Cota chief executive, Ian Yates, said it was “true that you will find providers that are not [providing rapid tests]” to visitors, and said he had raised the issue through the Australian Health Protection Principal Committee.

Yates said erecting barriers to visitation threatened residents “physical and mental and emotional wellbeing, particularly for people with dementia”.

“In principle, if you’re a regular visitor, and the home is requiring [a rapid test], it should be providing you with the RAT,” he said. “And it shouldn’t be requiring them of you any more often than staff.”

Leading Age Services Australia (Lasa), the industry’s national peak body, said the government was currently giving priority to getting supplies to facilities experiencing an outbreak.

But spokesperson Sean Rooney said the government had yet to fully commence the proactive distribution of rapid antigen tests to providers not experiencing an outbreak, after announcing plans to do so on 23 December.

“Notwithstanding an improvement in RAT and PPE supplies last week, many providers are still in dire need of RATs and PPE. Lasa staff have been escalating these requests with government,” he said.

Rooney said the sector was continuing to meet with ministers and the department on a range of pressing issues posed by Omicron, including “a stable and secure program for the distribution of RATs and PPE to residential aged care providers and home care operators”.

“The department has been prioritising distribution of PPE and RAT and provided assurance that the supply chain issues which have hampered distribution are being addressed,” he said.

ANMF federal assistant secretary, Lori-Anne Sharp, said staff who worked at facilities with rapid test mandates were being put in positions of enormous stress.

Sharp said the high demand for rapid tests meant providers were closely protecting the supplies they did have.

“If residents’ families could access them for free in the community, it wouldn’t be an issue.
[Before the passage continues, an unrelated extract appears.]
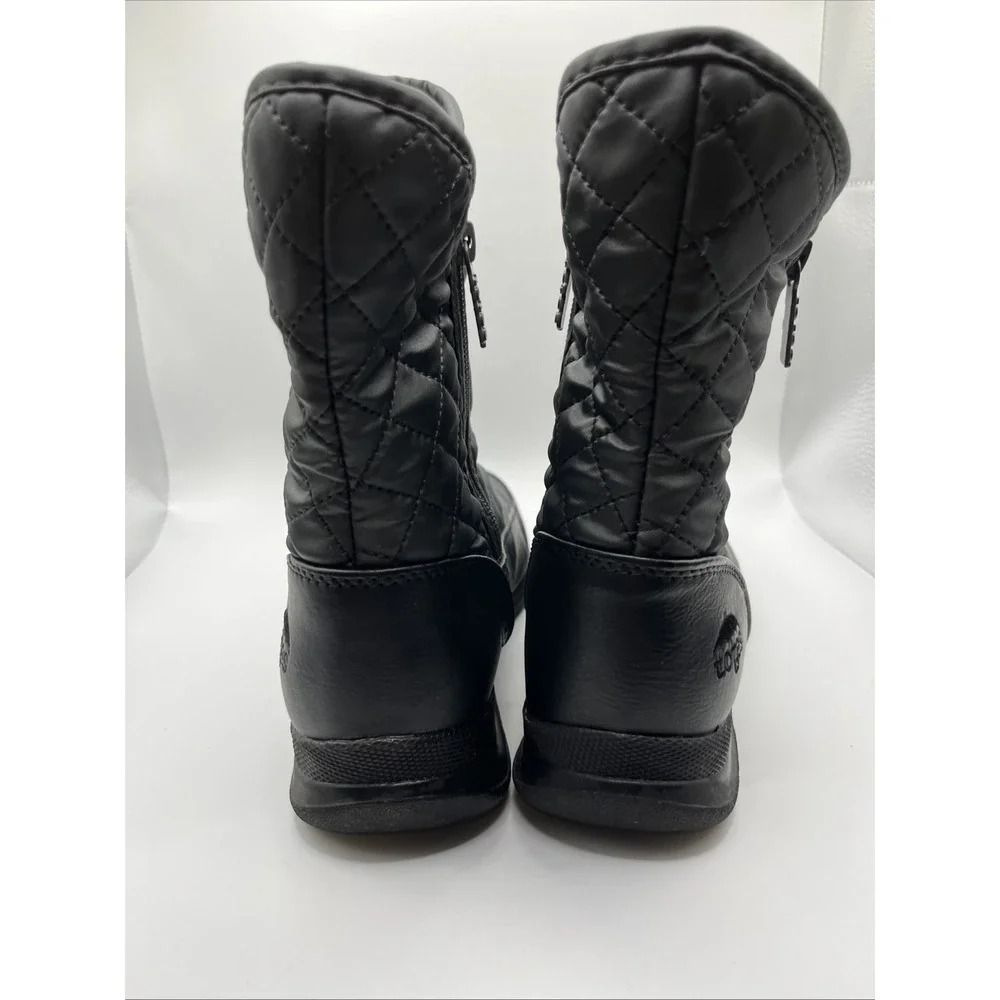 Totes Waterproof Insulated Quilted‎ Black Grey Zip Up Boot, Size 7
But they can’t,” she said. “In Germany, they’ve got them in vending machines. They send them to the home in some countries.”

The industry has adopted its own code for visitation during the pandemic. It requires that residents are always permitted to have at least one essential visitor. Essential visitors are deemed either partners in care, named visitors, or anyone in the case of end of life care.
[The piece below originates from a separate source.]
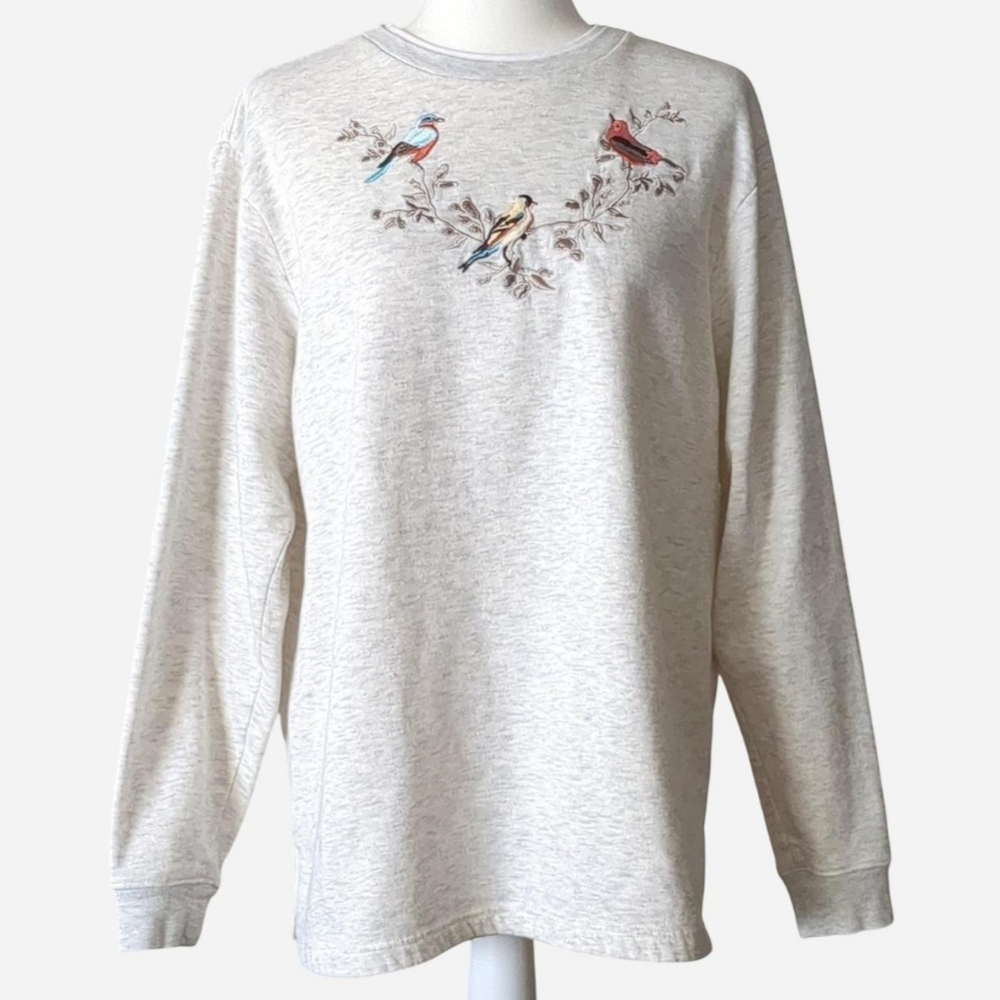 Vintage 90s BLAIR Embroidered Bird Crewneck Sweatshirt - Light Gray Melange - M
“Access by essential visitors should always be facilitated on a regular basis,” the code says.

Aged care minister, Richard Colbeck, said visiting arrangements were restricted through state and territory public health orders, which varied between jurisdictions.

The Commonwealth’s provision of rapid antigen tests, he said, was designed to “support screening of all entrants to facilities”.

“Delivery of rapid antigen test kits is currently being prioritised to facilities in outbreak or recent exposure,” he said.

“More than 78 million RATs have been purchased by the Government, and these are being prioritised for aged care.”

Colbeck said the government was aiming to provide an “updated guide” to allow for more social interaction for residents, given Omicron was “at this stage appearing not to have as significant health impact”.

Health minister, Greg Hunt, said on Monday the federal government had focused its supply of rapid tests to the aged care sector.

“We have been in the market and supplying since August, and we have been able to provide continuous supply of over 6.6m rapid antigen tests to aged care,” he said.

“And so, in relation to priority populations, that is one of the things that we have been able to do, is to foresee, to acquire and to supply throughout the course of not just Omicron, but before Omicron ever existed.”